** Source data follows **

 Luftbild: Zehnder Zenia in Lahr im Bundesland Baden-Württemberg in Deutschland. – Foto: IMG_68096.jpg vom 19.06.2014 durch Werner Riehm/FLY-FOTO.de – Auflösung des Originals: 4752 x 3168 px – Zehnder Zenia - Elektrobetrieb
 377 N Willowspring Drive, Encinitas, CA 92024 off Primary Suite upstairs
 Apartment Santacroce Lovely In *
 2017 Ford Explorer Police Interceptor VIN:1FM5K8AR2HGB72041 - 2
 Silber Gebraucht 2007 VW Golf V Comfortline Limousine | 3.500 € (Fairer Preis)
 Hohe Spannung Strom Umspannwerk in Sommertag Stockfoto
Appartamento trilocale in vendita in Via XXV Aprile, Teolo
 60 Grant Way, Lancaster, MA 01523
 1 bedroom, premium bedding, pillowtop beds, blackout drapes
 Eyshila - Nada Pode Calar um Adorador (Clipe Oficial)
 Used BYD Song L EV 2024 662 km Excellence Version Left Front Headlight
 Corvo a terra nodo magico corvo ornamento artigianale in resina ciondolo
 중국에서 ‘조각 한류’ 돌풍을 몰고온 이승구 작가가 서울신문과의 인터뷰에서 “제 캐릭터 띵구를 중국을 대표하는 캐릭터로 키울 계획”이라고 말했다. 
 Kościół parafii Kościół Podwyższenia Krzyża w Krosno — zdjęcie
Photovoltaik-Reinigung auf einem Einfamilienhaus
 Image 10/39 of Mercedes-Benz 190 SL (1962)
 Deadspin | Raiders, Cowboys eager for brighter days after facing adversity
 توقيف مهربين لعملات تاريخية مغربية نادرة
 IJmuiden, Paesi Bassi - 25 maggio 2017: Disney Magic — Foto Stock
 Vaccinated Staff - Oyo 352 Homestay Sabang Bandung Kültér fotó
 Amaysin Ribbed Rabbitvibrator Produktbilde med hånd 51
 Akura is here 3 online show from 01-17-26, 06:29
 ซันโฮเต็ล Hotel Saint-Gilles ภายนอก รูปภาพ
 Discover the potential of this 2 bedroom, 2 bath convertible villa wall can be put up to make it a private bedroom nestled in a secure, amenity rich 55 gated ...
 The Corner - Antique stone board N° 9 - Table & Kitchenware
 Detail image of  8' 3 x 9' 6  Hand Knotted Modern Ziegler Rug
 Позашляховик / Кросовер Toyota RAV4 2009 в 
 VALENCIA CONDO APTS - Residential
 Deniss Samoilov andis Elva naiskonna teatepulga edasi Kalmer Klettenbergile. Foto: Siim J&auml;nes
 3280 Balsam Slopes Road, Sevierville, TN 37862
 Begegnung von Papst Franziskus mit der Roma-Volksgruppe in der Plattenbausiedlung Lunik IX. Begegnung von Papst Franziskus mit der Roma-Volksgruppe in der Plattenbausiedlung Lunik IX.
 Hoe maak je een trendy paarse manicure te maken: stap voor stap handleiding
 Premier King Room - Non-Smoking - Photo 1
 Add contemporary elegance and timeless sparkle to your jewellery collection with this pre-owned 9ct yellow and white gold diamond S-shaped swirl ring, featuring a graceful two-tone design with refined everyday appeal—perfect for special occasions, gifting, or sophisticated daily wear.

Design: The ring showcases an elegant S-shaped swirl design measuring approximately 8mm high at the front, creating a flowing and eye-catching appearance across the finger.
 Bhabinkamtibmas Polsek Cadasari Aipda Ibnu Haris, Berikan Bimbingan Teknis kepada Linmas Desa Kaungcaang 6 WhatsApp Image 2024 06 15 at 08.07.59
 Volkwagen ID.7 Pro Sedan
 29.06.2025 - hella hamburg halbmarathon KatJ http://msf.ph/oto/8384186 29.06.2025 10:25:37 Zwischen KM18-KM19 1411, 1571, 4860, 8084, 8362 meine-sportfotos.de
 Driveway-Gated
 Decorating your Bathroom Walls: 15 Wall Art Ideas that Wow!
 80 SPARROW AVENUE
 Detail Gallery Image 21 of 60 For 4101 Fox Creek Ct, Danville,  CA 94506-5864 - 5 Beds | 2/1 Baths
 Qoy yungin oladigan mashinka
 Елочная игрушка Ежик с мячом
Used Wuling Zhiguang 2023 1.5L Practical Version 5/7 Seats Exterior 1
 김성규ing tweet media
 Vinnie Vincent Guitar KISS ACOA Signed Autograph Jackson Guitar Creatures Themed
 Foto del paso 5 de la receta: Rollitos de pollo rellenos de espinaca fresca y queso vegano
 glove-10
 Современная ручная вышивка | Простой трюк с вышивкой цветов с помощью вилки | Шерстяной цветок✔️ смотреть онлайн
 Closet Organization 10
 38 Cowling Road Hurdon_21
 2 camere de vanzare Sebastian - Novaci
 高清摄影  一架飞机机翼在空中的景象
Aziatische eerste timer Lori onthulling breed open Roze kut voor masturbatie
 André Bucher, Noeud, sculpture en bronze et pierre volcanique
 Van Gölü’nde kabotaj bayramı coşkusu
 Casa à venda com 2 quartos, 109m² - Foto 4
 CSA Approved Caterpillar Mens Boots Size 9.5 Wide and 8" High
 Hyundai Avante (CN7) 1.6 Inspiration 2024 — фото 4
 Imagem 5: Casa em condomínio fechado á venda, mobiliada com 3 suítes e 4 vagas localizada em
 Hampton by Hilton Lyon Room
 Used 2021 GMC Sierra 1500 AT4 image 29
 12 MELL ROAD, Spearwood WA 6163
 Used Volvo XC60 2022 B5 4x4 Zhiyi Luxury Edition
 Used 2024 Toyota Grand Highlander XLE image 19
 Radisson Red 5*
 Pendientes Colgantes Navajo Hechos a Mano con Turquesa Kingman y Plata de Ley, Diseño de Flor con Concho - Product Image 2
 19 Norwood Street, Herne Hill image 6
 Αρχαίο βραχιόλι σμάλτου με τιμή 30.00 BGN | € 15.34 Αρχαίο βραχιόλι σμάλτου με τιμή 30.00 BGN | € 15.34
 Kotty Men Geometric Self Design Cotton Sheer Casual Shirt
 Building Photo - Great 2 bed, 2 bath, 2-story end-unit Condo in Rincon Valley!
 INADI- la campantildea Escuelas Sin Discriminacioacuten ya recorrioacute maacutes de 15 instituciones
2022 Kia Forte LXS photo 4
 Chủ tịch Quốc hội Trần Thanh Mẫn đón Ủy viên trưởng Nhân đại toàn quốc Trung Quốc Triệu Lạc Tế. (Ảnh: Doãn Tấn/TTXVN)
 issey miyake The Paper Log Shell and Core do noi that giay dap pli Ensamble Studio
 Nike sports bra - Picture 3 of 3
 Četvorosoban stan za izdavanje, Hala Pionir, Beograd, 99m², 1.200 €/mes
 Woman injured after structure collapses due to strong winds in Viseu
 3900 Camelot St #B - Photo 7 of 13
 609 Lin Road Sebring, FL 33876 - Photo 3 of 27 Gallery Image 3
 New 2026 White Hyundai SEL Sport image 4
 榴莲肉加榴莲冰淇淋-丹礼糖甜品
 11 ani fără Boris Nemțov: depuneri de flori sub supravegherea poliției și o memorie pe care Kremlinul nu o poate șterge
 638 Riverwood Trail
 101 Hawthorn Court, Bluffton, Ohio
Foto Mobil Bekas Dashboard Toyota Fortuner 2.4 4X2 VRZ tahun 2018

** End of Source data **

Problem
Reproduce each line of the entries in which the word "your" is found.

Written answer
 Add contemporary elegance and timeless sparkle to your jewellery collection with this pre-owned 9ct yellow and white gold diamond S-shaped swirl ring, featuring a graceful two-tone design with refined everyday appeal—perfect for special occasions, gifting, or sophisticated daily wear.
 Decorating your Bathroom Walls: 15 Wall Art Ideas that Wow!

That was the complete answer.